I have a query that I'm trying to insert overwrite into a table. In an effort to try and speed up the query I added a range join hint. After adding it I started getting the error below.Screenshot_20230118_104626I can get around this though by creating a temporary view of the same query and caching that temporary view. It will then allow me to insert overwrite into the table.

Ajay-Pandey
Databricks MVP

Could you please check for the datatype of your source and target table.

There might be mismatch between both.

Ajay Kumar Pandey

Both are the same

hi , can u help me in this 

I am using this query to create a csv in a volume named test_volsrr that i created

INSERT OVERWRITE DIRECTORY '/Volumes/DATAMAX_DATABRICKS/staging/test_volsrr'

USING CSV OPTIONS ( 'delimiter' = ',' , 'header' = 'true' )

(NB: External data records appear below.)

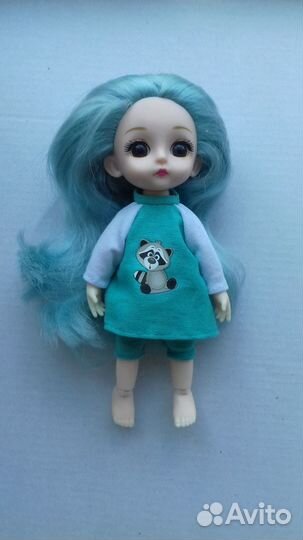 Одежда для маленьких кукол 16 см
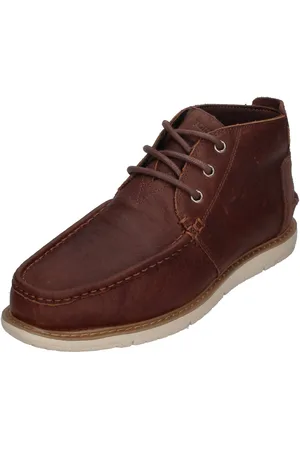 TOMS NAVI MOC CHUKKA Schnürboots Dark Brown - Verkäufer: Shoedeal Jana Sievers e.K.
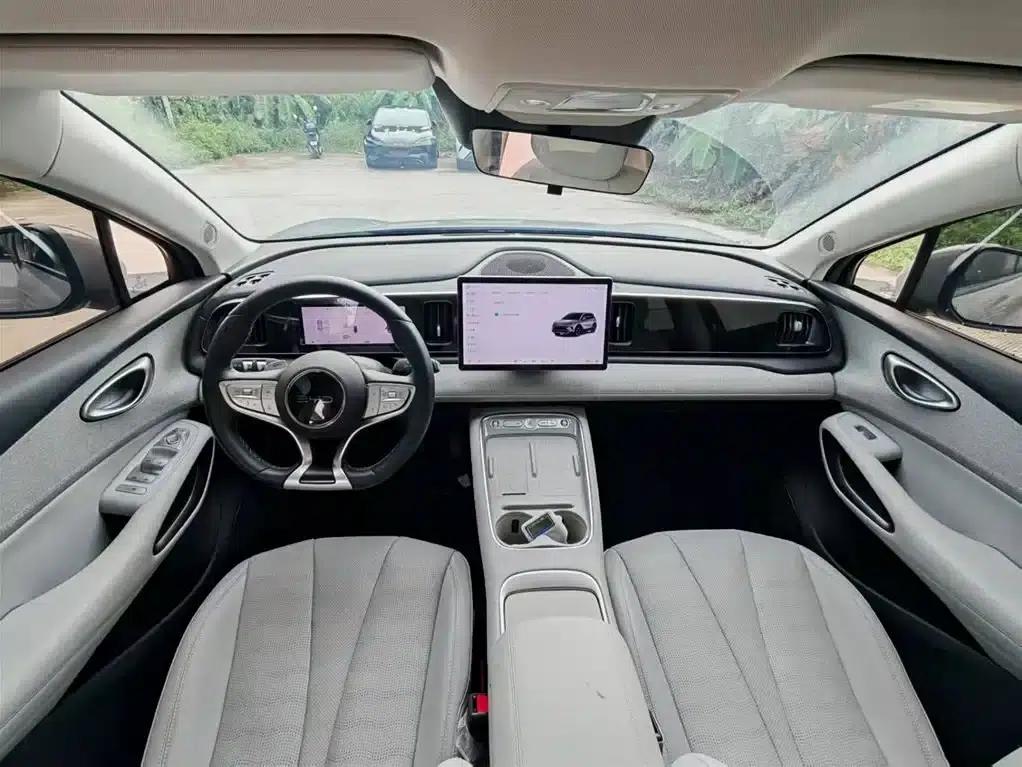 Hiace 05 EV 2025 520KM Smart Navigation Edition — миниатюра 11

SELECT * FROM staging.extract1gb

DISTRIBUTE BY COALESCE( 1 );  

i added DISTRIBUTE BY COALESCE(1) so that a single csv gets generated instead of multiple csvs , the size of extract1gb table is 1gb but the csv which is getting created is around 230gb , due to this it is taking more than an hour to execute . Can some pls explain this issue and a solution to generate the csv of optimal size so that execution becomes faster . I dont want to use pyspark .

jose_gonzalez
Databricks Employee
Databricks Employee

Could you share your code and the full error stack trace please? Check the driver logs for the full stack trace.